▶ **Task objective**
Extract the complete data exactly as given.

Dataset excerpts:
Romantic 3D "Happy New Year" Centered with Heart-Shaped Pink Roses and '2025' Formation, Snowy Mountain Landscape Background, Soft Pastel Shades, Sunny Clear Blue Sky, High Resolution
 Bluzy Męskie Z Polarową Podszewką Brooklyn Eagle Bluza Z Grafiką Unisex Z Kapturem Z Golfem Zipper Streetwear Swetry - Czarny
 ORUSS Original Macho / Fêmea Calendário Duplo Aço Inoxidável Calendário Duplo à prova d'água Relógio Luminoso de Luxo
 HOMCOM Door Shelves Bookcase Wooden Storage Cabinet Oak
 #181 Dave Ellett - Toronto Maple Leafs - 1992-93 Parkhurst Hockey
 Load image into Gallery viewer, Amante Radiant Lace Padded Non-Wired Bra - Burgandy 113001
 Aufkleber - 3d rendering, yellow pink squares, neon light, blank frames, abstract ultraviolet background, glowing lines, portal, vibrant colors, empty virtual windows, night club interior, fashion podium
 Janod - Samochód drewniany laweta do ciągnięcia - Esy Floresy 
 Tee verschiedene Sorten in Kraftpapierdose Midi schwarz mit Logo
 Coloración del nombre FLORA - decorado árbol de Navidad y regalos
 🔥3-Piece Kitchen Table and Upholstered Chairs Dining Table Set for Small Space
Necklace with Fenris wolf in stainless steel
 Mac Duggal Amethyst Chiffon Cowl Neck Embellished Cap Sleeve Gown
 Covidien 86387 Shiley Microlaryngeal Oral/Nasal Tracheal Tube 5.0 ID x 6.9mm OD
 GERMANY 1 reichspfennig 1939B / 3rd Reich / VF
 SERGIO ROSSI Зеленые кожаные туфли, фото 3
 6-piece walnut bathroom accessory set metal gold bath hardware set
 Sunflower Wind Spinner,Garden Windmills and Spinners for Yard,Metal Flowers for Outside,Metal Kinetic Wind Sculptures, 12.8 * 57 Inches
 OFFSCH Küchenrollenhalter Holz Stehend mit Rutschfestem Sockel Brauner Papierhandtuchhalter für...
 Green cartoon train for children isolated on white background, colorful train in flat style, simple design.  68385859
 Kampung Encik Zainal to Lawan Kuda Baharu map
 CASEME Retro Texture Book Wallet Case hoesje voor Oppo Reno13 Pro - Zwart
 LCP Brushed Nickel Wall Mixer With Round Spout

▶ **Result of the exercise**
Romantic 3D "Happy New Year" Centered with Heart-Shaped Pink Roses and '2025' Formation, Snowy Mountain Landscape Background, Soft Pastel Shades, Sunny Clear Blue Sky, High Resolution
 Bluzy Męskie Z Polarową Podszewką Brooklyn Eagle Bluza Z Grafiką Unisex Z Kapturem Z Golfem Zipper Streetwear Swetry - Czarny
 ORUSS Original Macho / Fêmea Calendário Duplo Aço Inoxidável Calendário Duplo à prova d'água Relógio Luminoso de Luxo
 HOMCOM Door Shelves Bookcase Wooden Storage Cabinet Oak
 #181 Dave Ellett - Toronto Maple Leafs - 1992-93 Parkhurst Hockey
 Load image into Gallery viewer, Amante Radiant Lace Padded Non-Wired Bra - Burgandy 113001
 Aufkleber - 3d rendering, yellow pink squares, neon light, blank frames, abstract ultraviolet background, glowing lines, portal, vibrant colors, empty virtual windows, night club interior, fashion podium
 Janod - Samochód drewniany laweta do ciągnięcia - Esy Floresy 
 Tee verschiedene Sorten in Kraftpapierdose Midi schwarz mit Logo
 Coloración del nombre FLORA - decorado árbol de Navidad y regalos
 🔥3-Piece Kitchen Table and Upholstered Chairs Dining Table Set for Small Space
Necklace with Fenris wolf in stainless steel
 Mac Duggal Amethyst Chiffon Cowl Neck Embellished Cap Sleeve Gown
 Covidien 86387 Shiley Microlaryngeal Oral/Nasal Tracheal Tube 5.0 ID x 6.9mm OD
 GERMANY 1 reichspfennig 1939B / 3rd Reich / VF
 SERGIO ROSSI Зеленые кожаные туфли, фото 3
 6-piece walnut bathroom accessory set metal gold bath hardware set
 Sunflower Wind Spinner,Garden Windmills and Spinners for Yard,Metal Flowers for Outside,Metal Kinetic Wind Sculptures, 12.8 * 57 Inches
 OFFSCH Küchenrollenhalter Holz Stehend mit Rutschfestem Sockel Brauner Papierhandtuchhalter für...
 Green cartoon train for children isolated on white background, colorful train in flat style, simple design.  68385859
 Kampung Encik Zainal to Lawan Kuda Baharu map
 CASEME Retro Texture Book Wallet Case hoesje voor Oppo Reno13 Pro - Zwart
 LCP Brushed Nickel Wall Mixer With Round Spout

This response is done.